A SWOT survey gets people talking, but it requires several hours of precious
space to collect the group’s point of view, collate and present it. This
time could be better spent doing deeper dives into hard data.

—-

Given these three
shortcomings (which many executives already quietly realize) why does the
exercise continue to be so popular? As a retreat organizer, you may have the
answer: because it‘s easy.

Not only is a
choice to do the activity never challenged, those who participate are unlikely
to challenge each other during the exercise. Unfortunately, this avoidance
tactic violates research showing that a group must struggle to produce good,
new ideas. Here are some recommendations I make to solve the dilemma of coming
to agreement without taking a shortcut.

1. Do the SWOT
Survey Online, Before the Retreat

My clients do
these surveys before retreats, as part of our data gathering and include all
employees. The most salient results are summarized in the meeting within
15 minutes, which saves time and effort.

2. Facilitate a
Current Snapshot

Perhaps the
original intent of the SWOT was to gain an understanding of the present state
of the business. This picture is still needed, but it must be fact-based.

As I have
explained in a prior column, your snapshot can be pulled together using
different perspectives: financial, customer/competitor, operations and
employees. Add in an analysis of the external environment with the PESTER
views, (Political, Environmental, Sociological, Technological, Economic and
Regulatory), taking special note that technology is emerging as the most
critical outside factor.

At first glance,
this may seem like a dull recitation of boring data. However, the point is to
understand (as a team) the story the facts are telling. Inevitably, this will
include a robust discussion of various strengths, weaknesses, opportunities and
threats but there‘s no need to group them. Instead, let the information do the
talking, rather than hasty opinions, and weave the four SWOT themes into the
narrative.

Invariably, the
tale the data tells is nuanced, filled with ups and downs, polarities,
discrepancies and paradoxes. Only a team of insiders with a deep appreciation
of the organization and their individual specialty can fully pull it together.
Certainly, an outside consultant can’t.

Of course, there
are companies which attempt to skip the snapshot altogether and jump right into
planning the future. Unfortunately, doing so yields pipe dreams with no
foundation in reality.
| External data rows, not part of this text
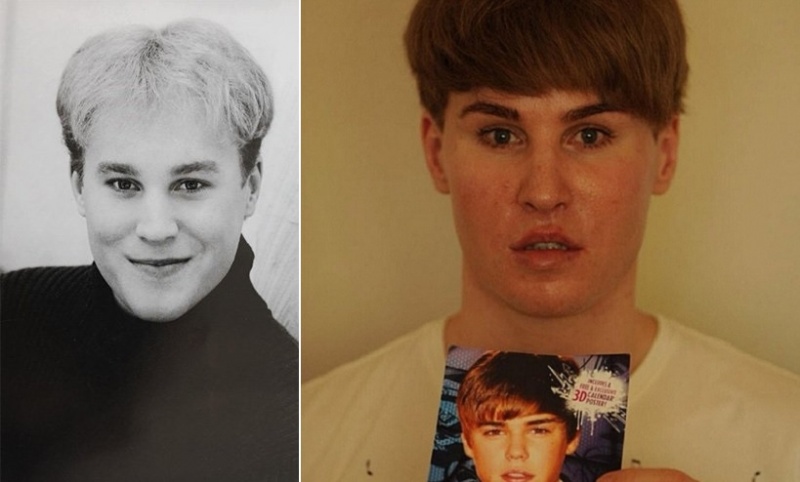 Toby Sheldon (Justin Bieber)-15 People Who Had Plastic Surgery To Look Like Celebs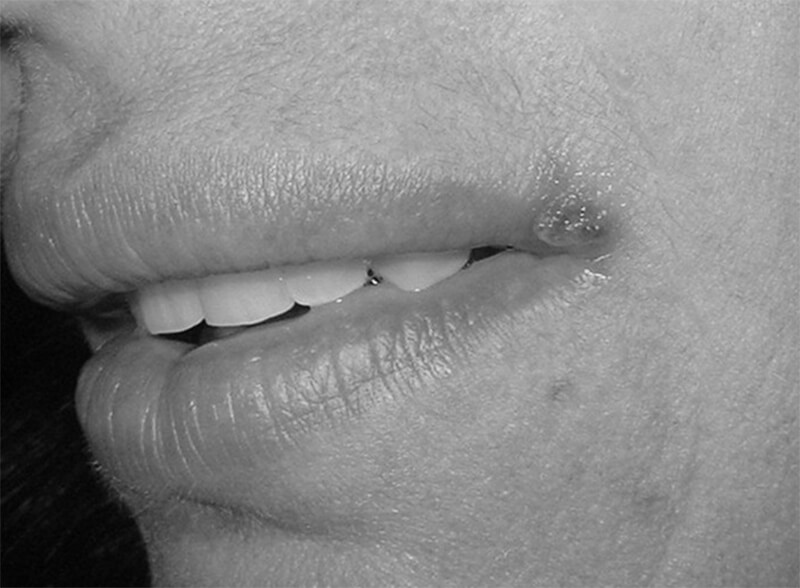 Figura 8: Lesión de herpes simple ubicada en la comisura del labio en paciente adulta femenina que asiste a consulta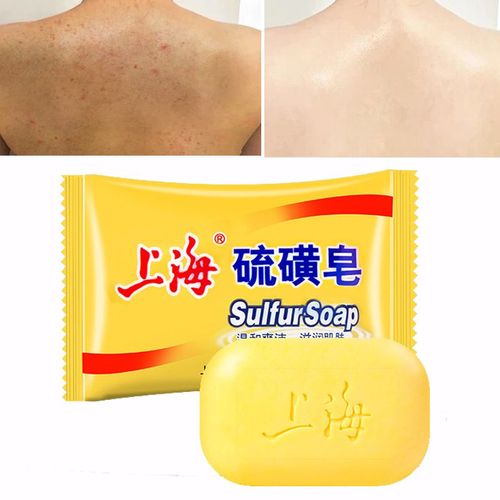Savon Au Soufre Pour Le Bain, Contrôle De L'acné Et De L'huile, Anti-Champignon, Blanchissant, Bon Marché, Sain, Eczéma 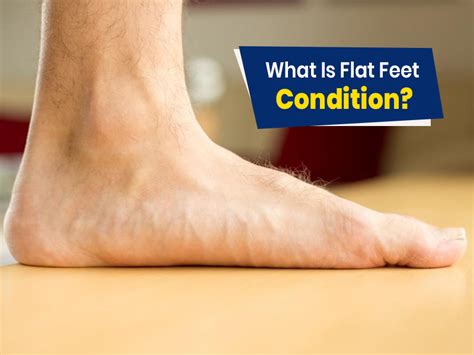 Flat Feet Symptoms Causes And Risks Onlymyhealth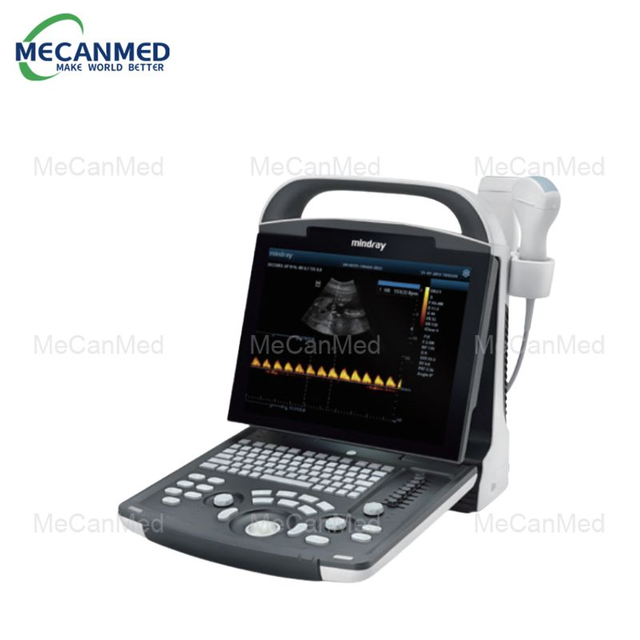 Mindray DP-10 Portable Digital Ultrasound System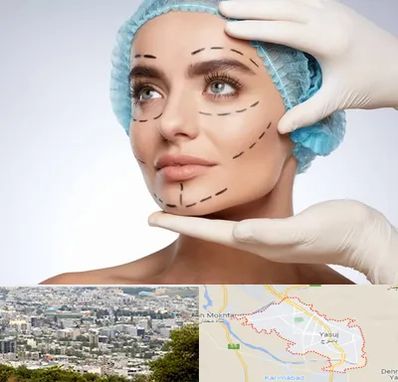 جراحی زیبایی در یاسوج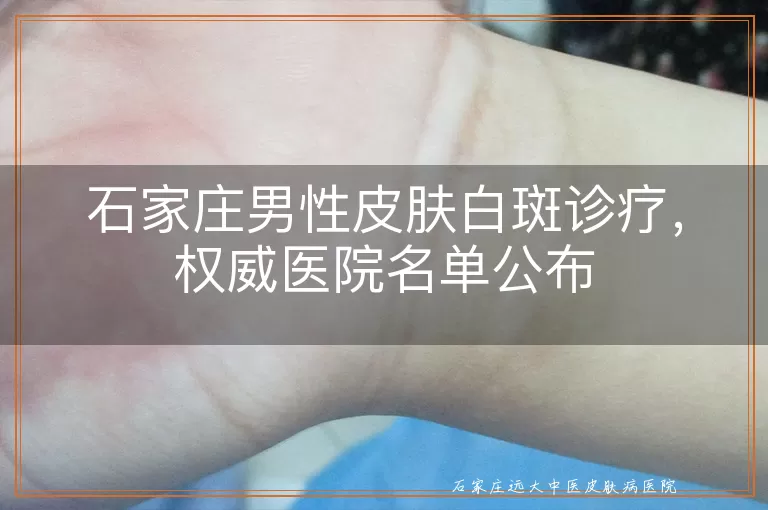 石家庄男性皮肤白斑诊疗,权威医院名单公布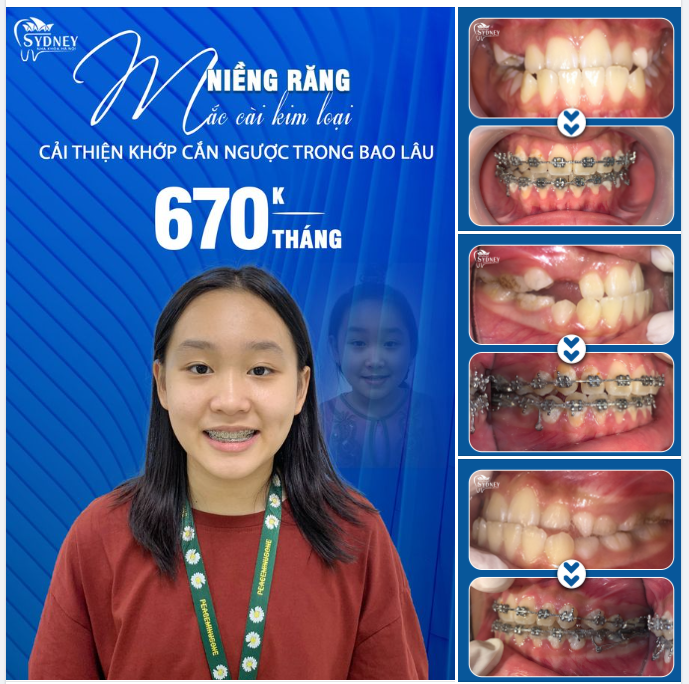 NIỀNG RĂNG CẢI THIỆN KHỚP CẮN NGƯỢC TRONG BAO LÂU?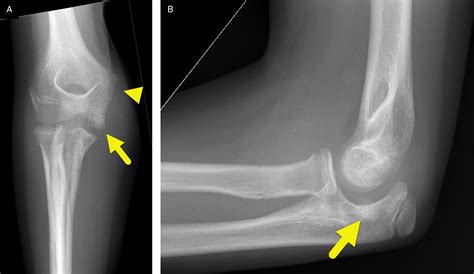 Medial Epicondyle Fracture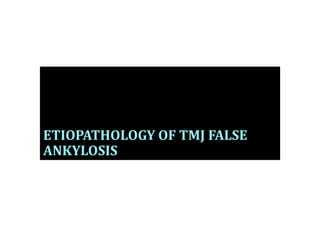 ETIOPATHOLOGY OF TMJ FALSE
ANKYLOSIS
 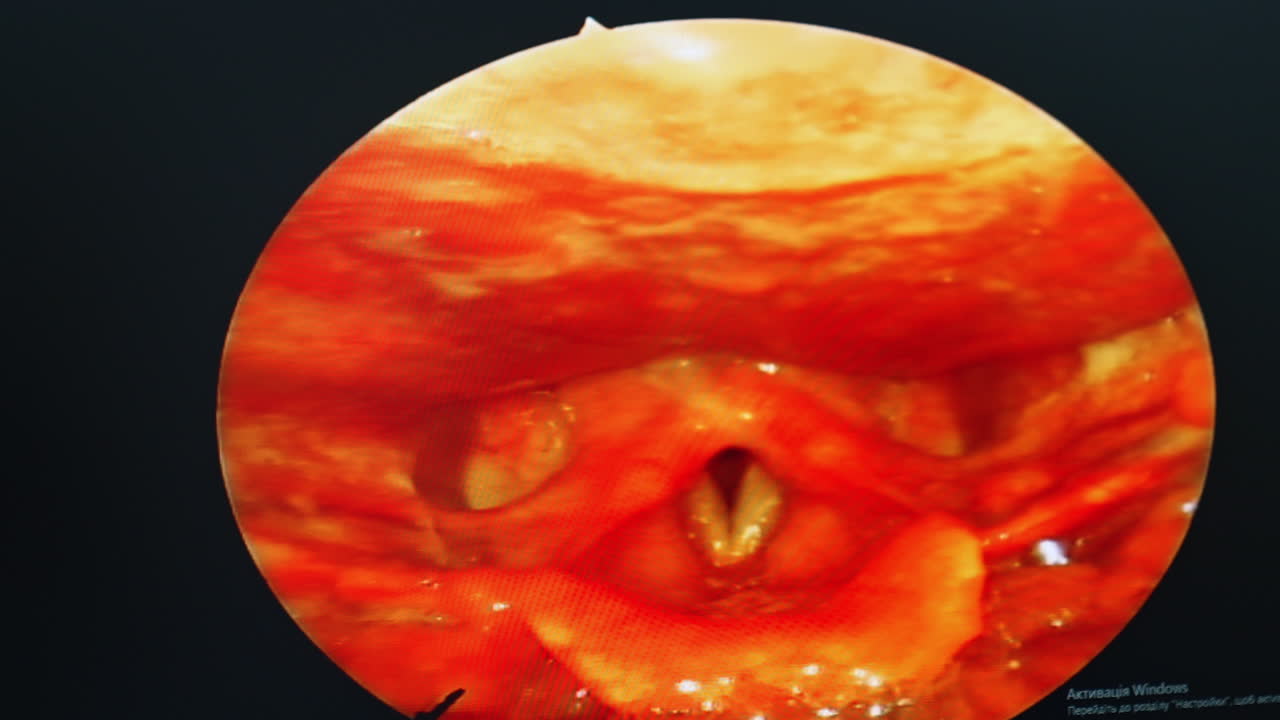 Kyiv, Ukraine, 2 August 2025: Diagnostic monitor view. A diagnostic monitor displays a magnified internal view during the examination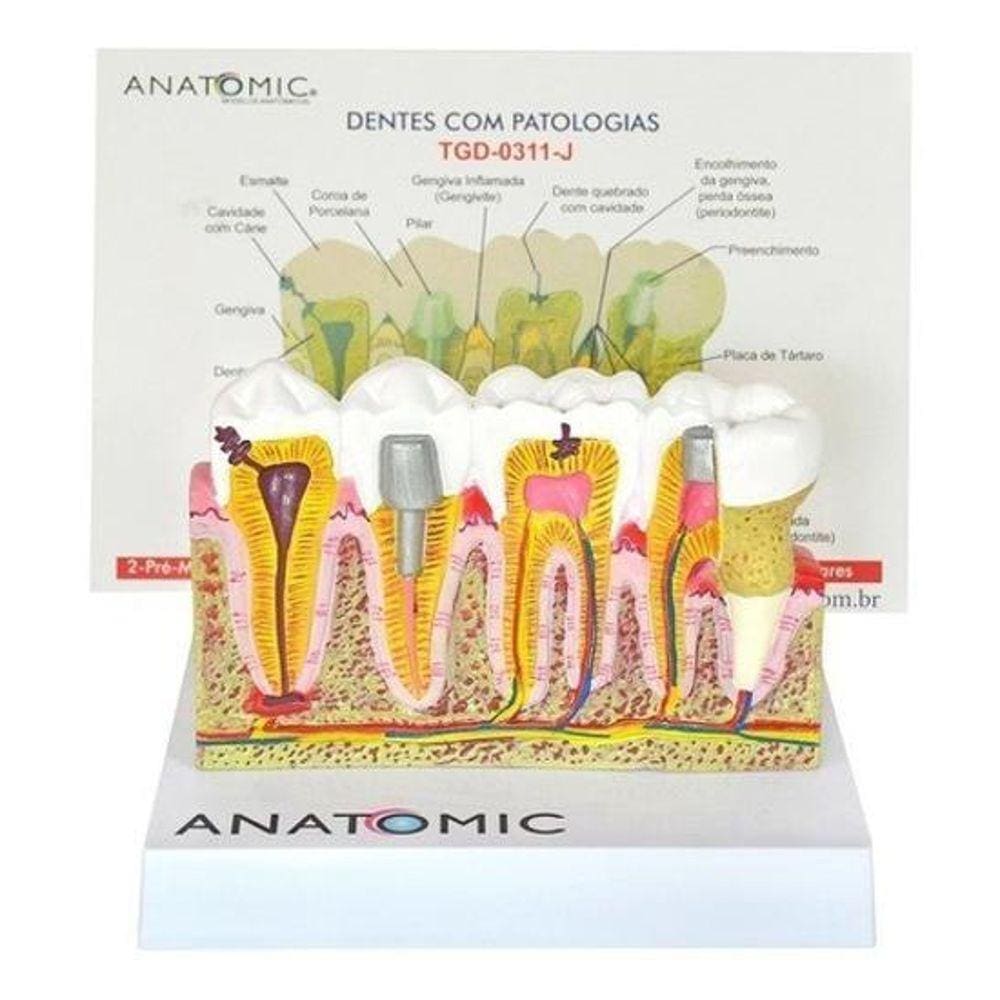 Patologia Dentária E Placa Explicativa Em 2 Partes, Anatomia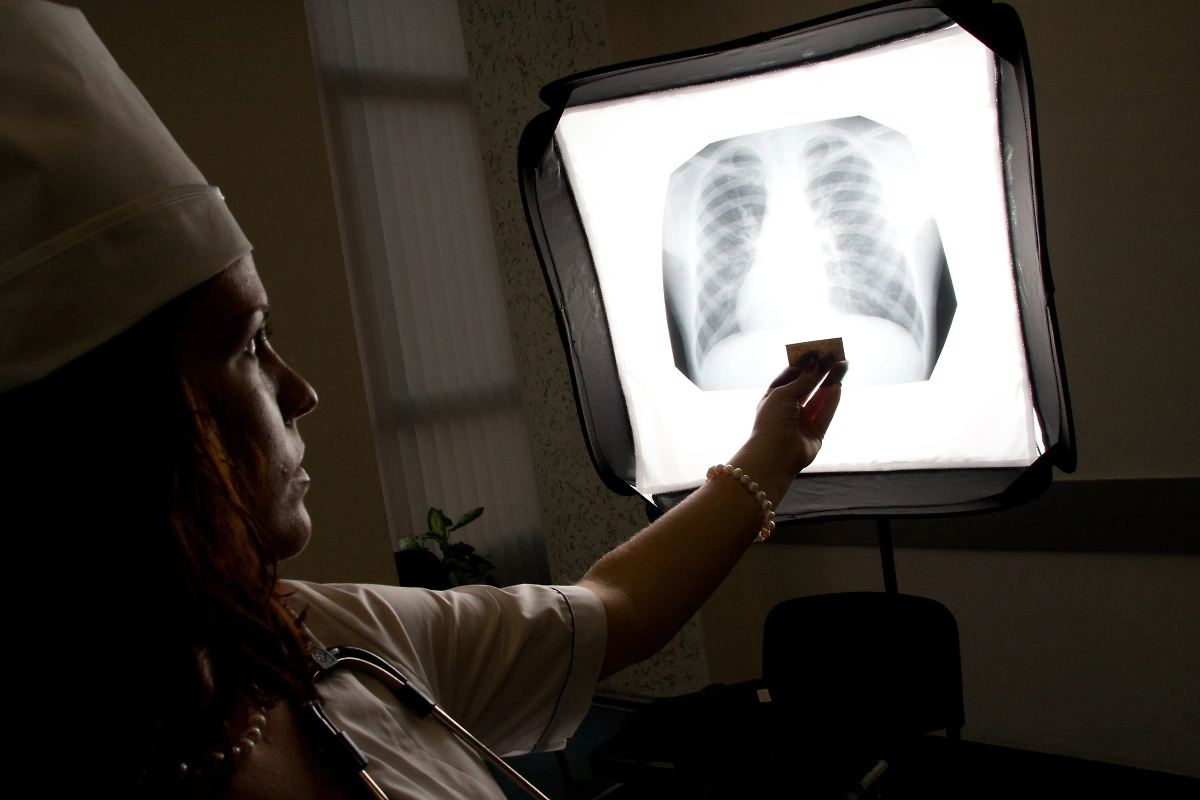 При микоплазмозе не всегда развивается пневмония. Исключить её можно, получив направление на КТ или рентген. Фото © Shutterstock 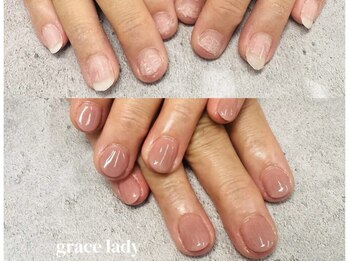 グレースレディ/手全体綺麗に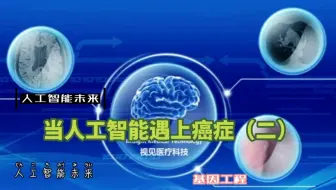 当人工智能遇上癌症（二）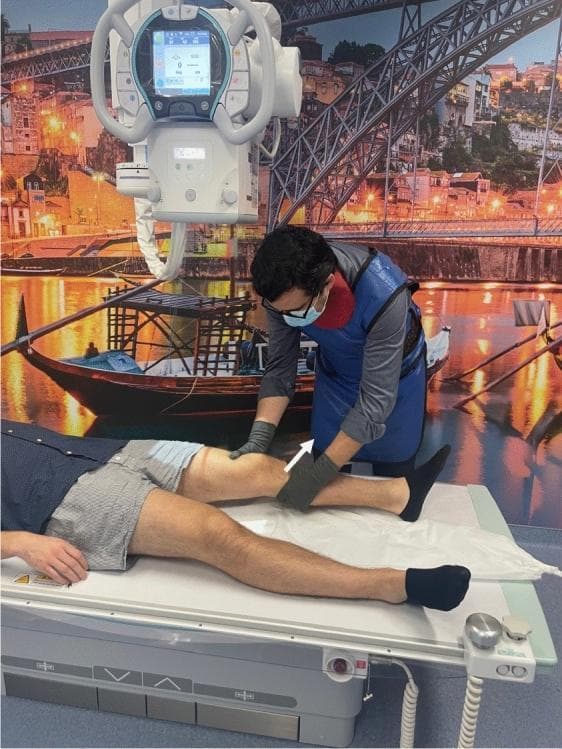 A clinical photograph and diagnostic setup showing a physician performing the Lachman test manually for stress radiography. The patient is in a supine position on a radiolucent examination table. The physician, wearing a lead apron, protective gloves, and a mask, is positioned beside the patient's right knee. One hand is placed on the distal femur to stabilize the leg, while the other hand is positioned on the proximal tibia. A white arrow indicates the anterior translatory force applied to the tibia relative to the femur, a maneuver used to assess the integrity of the Anterior Cruciate Ligament (ACL). Above the patient's knee, a digital X-ray tube head with a control display is positioned to capture the joint laxity under stress. This clinical scenario demonstrates the integration of physical examination maneuvers with medical imaging to objectively quantify knee instability and ligamentous laxity.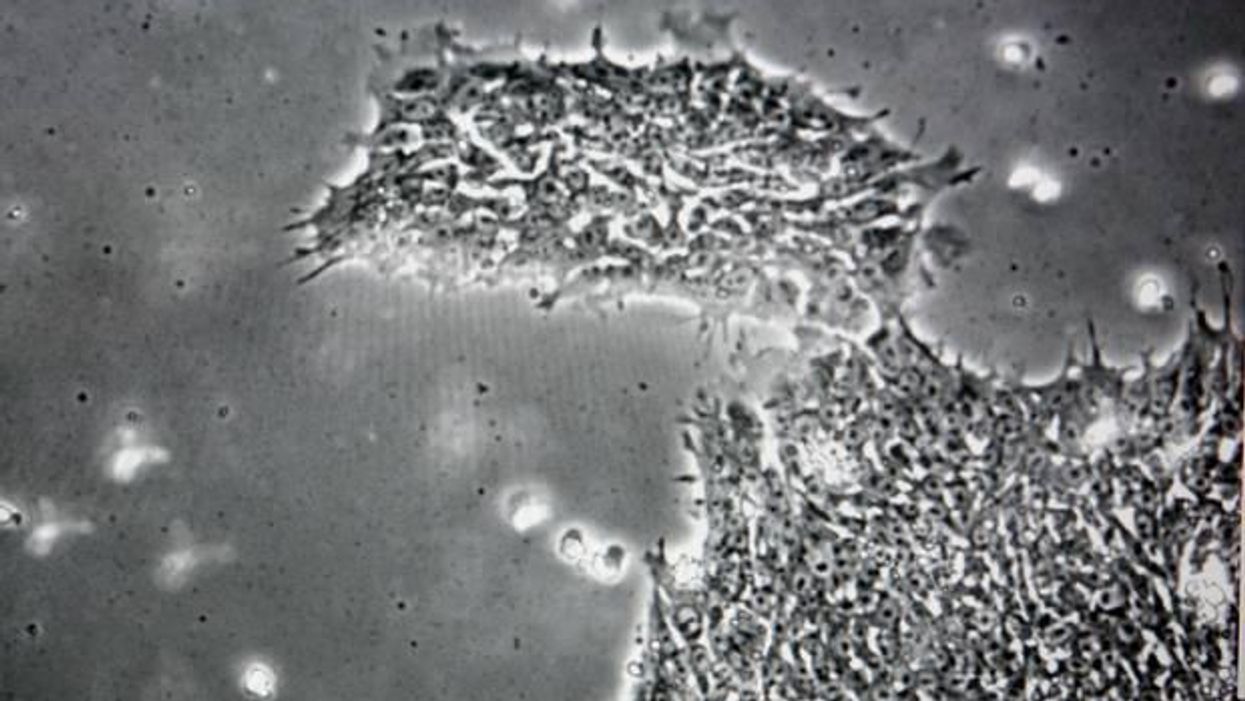 Scientists create cancer-killing stem cells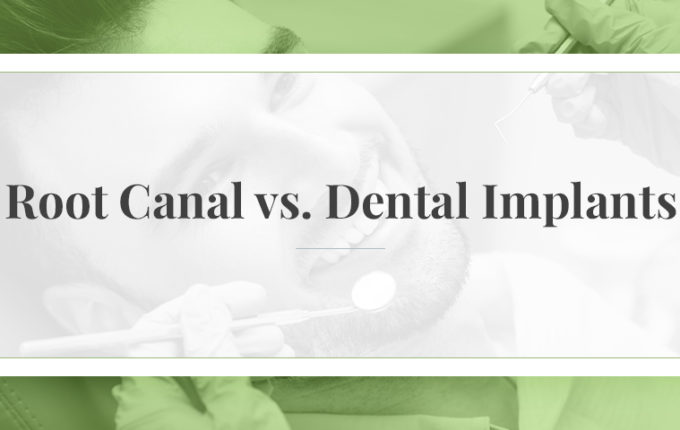 Root Canal vs. Dental Implants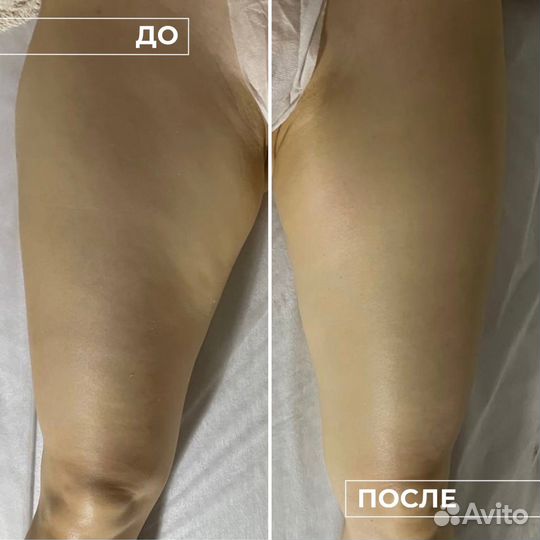 Модель на аппаратный массаж тела для похудения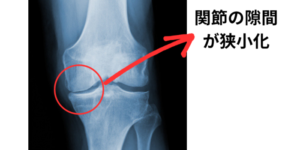 変形性膝関節症のレントゲン写真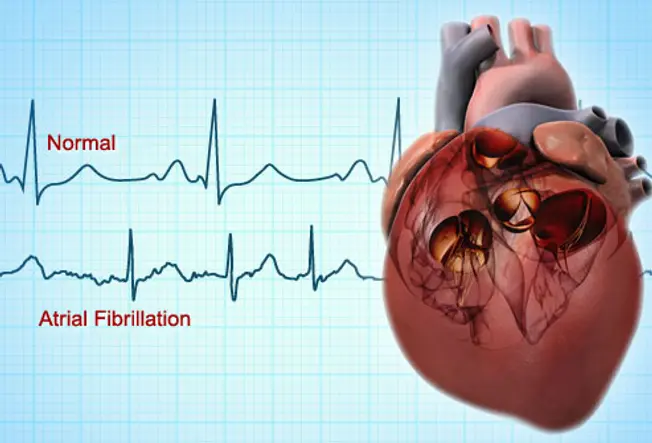 What Is AFib?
It reduces the trust needed to make a risky move.

In summary, it
takes a concerted effort to have everyone on the team see the company’s current
position from a joined-up point of view. However, it’s more than a
team-building activity: It’s also an evaluation of the status quo which is the
first step to carving out a transformative strategy. Don’t block a big change
which needs to happen with a costly SWOT mistake.